WHAT YOU WILL DO:
A faithful copy is needed of the lines below from the one with "Well, one of" up to and including the one with "I love lamb"; set it down with no pictures and no other lines.

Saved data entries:
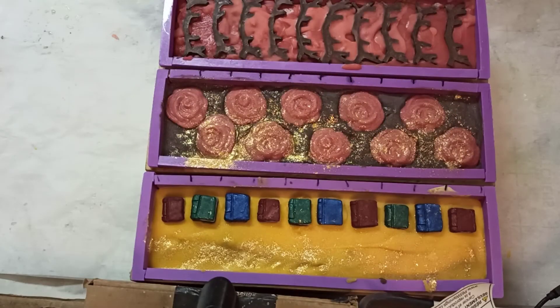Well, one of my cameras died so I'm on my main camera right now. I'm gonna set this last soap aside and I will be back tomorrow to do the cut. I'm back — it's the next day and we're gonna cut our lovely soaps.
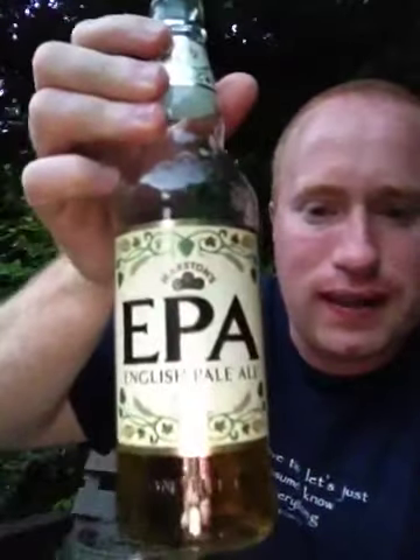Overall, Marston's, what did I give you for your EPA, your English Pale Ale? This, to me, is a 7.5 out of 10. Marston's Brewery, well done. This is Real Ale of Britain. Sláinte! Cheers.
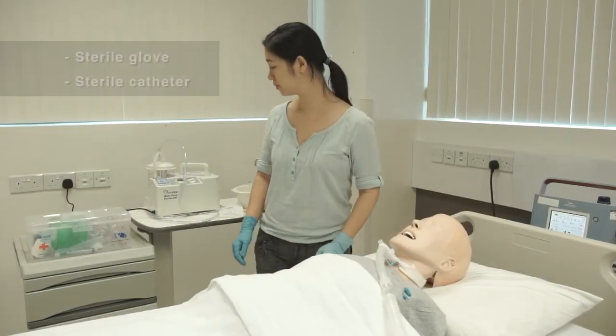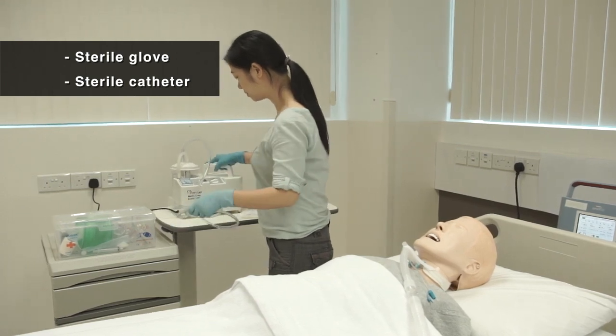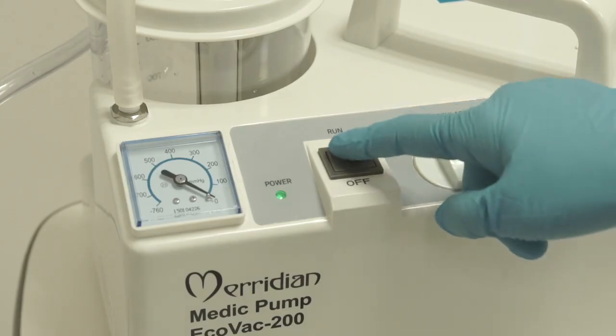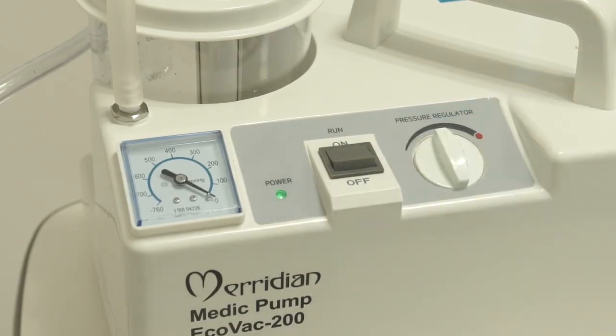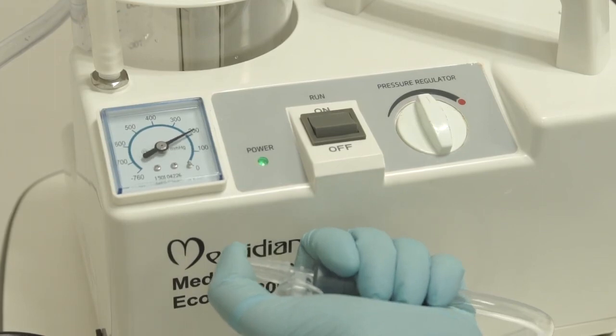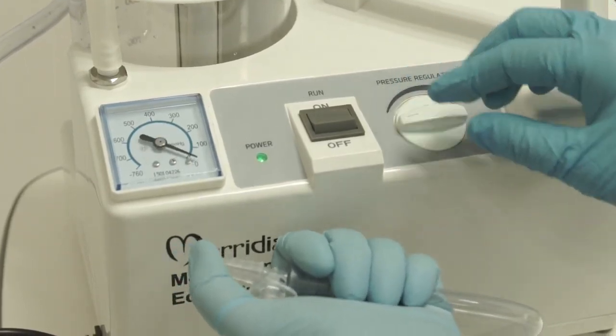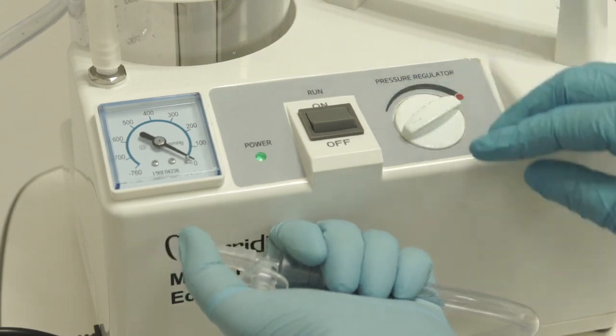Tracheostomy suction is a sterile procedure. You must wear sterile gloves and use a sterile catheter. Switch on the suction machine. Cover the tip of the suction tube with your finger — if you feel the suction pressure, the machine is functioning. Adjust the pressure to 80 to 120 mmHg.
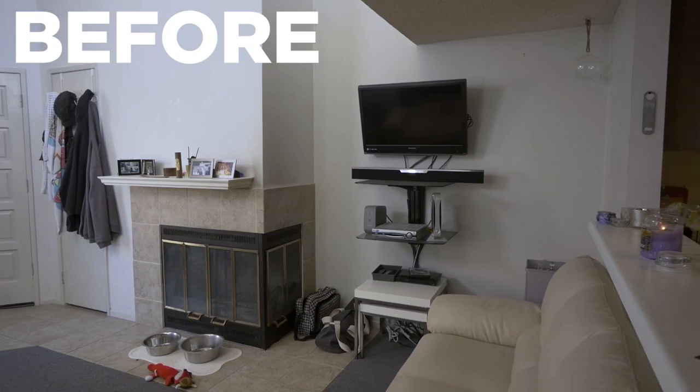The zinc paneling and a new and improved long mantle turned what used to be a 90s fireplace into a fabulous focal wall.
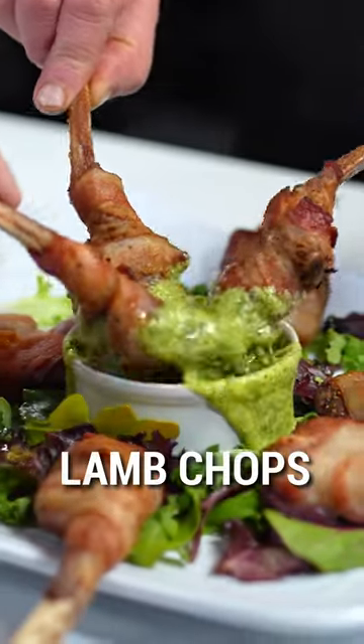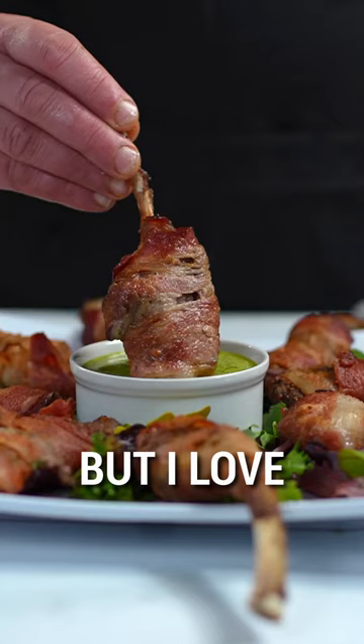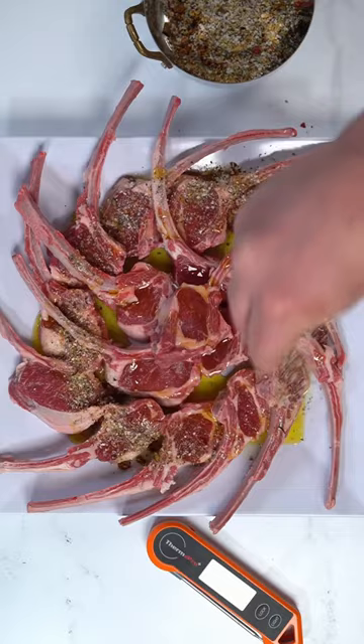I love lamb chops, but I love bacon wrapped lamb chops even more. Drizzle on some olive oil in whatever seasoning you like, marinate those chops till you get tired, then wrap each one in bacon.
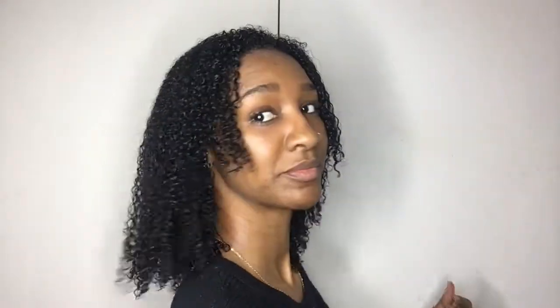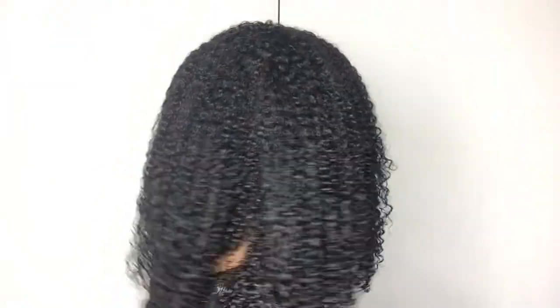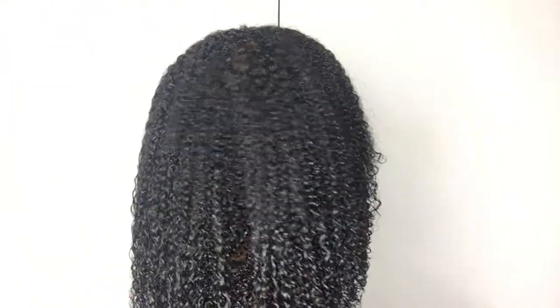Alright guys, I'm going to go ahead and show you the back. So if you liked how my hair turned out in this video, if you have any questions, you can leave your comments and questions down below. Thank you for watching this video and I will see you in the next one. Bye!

---

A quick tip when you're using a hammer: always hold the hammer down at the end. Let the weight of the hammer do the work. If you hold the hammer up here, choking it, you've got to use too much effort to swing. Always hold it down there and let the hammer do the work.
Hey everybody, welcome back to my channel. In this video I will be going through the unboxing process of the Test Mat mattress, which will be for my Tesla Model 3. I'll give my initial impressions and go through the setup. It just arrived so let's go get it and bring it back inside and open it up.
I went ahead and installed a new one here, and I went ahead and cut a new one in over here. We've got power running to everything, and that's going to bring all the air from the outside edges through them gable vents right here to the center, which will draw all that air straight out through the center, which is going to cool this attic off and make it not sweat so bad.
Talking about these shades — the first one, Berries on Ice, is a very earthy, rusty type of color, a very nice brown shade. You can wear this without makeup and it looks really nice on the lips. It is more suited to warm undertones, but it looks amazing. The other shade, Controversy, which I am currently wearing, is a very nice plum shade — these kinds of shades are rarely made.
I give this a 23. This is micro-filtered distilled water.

RESULT:
Well, one of my cameras died so I'm on my main camera right now. I'm gonna set this last soap aside and I will be back tomorrow to do the cut. I'm back — it's the next day and we're gonna cut our lovely soaps.
Overall, Marston's, what did I give you for your EPA, your English Pale Ale? This, to me, is a 7.5 out of 10. Marston's Brewery, well done. This is Real Ale of Britain. Sláinte! Cheers.
Tracheostomy suction is a sterile procedure. You must wear sterile gloves and use a sterile catheter. Switch on the suction machine. Cover the tip of the suction tube with your finger — if you feel the suction pressure, the machine is functioning. Adjust the pressure to 80 to 120 mmHg.
The zinc paneling and a new and improved long mantle turned what used to be a 90s fireplace into a fabulous focal wall.
I love lamb chops, but I love bacon wrapped lamb chops even more. Drizzle on some olive oil in whatever seasoning you like, marinate those chops till you get tired, then wrap each one in bacon.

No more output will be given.